De l’achat vers la location

En cause, notamment, les incertitudes sur le pouvoir d’achat dans un contexte économique instable marqué par l’inflation et la guerre en Ukraine, ou encore des problèmes d’accès au crédit et une hausse des taux d’intérêt observée depuis plusieurs mois. Selon l’Observatoire Crédit Logement et l’institut CSA, le taux moyen d’un crédit immobilier s’établit à 1,82 % en cette rentrée 2022, contre 1,06 % en décembre 2021. Le nombre de prêts accordés a baissé de 13 % par rapport à 2021. En clair, dans le climat économique actuel, les potentiels acquéreurs, même dotés d’un contrat de travail fixe, préfèrent temporiser un processus d’achat qui les engagerait pour les 25 prochaines années en espérant de meilleures conditions dans le futur.

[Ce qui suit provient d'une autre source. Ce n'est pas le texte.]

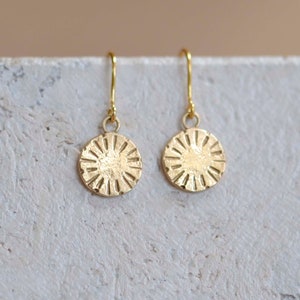 Sunshine Solid Gold Disc Earrings Recycled 9ct Gold Textured Drop Earrings Real Gold Dangle and Drop Earrings image 3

À court terme, l’intérêt de la location s’en trouve renforcé au profit de l’accession à la propriété.

Logiquement, cette augmentation de la demande (+ 9 % par rapport à 2019) n’est pas sans effet sur le prix des biens en location. Près de 46 % des sondés par PAP jugent que « tout est trop cher ». En tête des territoires les plus coûteux se classent, sans surprise, trois départements franciliens : Paris, Hauts-de-Seine et Val-de-Marne. Ces tendances haussières sur le marché locatif entraînent également un allongement des délais de recherche. Plus de 50 % des futurs locataires ont entamé leurs démarches il y a plus de deux mois. Globalement, ils sont 96 % à juger supérieures ou égales leurs difficultés à trouver un logement par rapport à l’avant-Covid.

« De nombreux éléments susceptibles de fragiliser le marché immobilier »

Cette situation du marché locatif est-elle, dès lors, amenée à se pérenniser ? À l’autre bout de la chaîne de l’immobilier, les Notaires du Grand Paris, garants des ventes et achats des biens et de leurs données, estimaient dans leur dernière communication début septembre que « des chocs de très grande ampleur sont actuellement à l’œuvre. La configuration assez inédite qui est en train de se dessiner comporte de nombreux éléments susceptibles de fragiliser le marché immobilier ». Les notaires de la région craignent particulièrement « que les acquéreurs de biens immobiliers ne soient pénalisés par une baisse de leur capacité de financement, avec des prix historiquement élevés et des taux de crédit en progression, alors même que leurs revenus pourraient évoluer moins rapidement que l’inflation ». Concrètement, le report vers le marché locatif pourrait se poursuivre à court et moyen terme même si « des facteurs de résilience subsistent » pour l’accès à la propriété, nuancent les Notaires du Grand Paris. Et de préciser : « Une abondante épargne a été accumulée pendant la crise sanitaire et une très forte confiance dans l’immobilier, valeur refuge préservant de l’inflation ». Le marché de l’immobilier semble finalement entrer, comme tous les autres secteurs, dans une phase de temporisation compte tenu de l’actualité.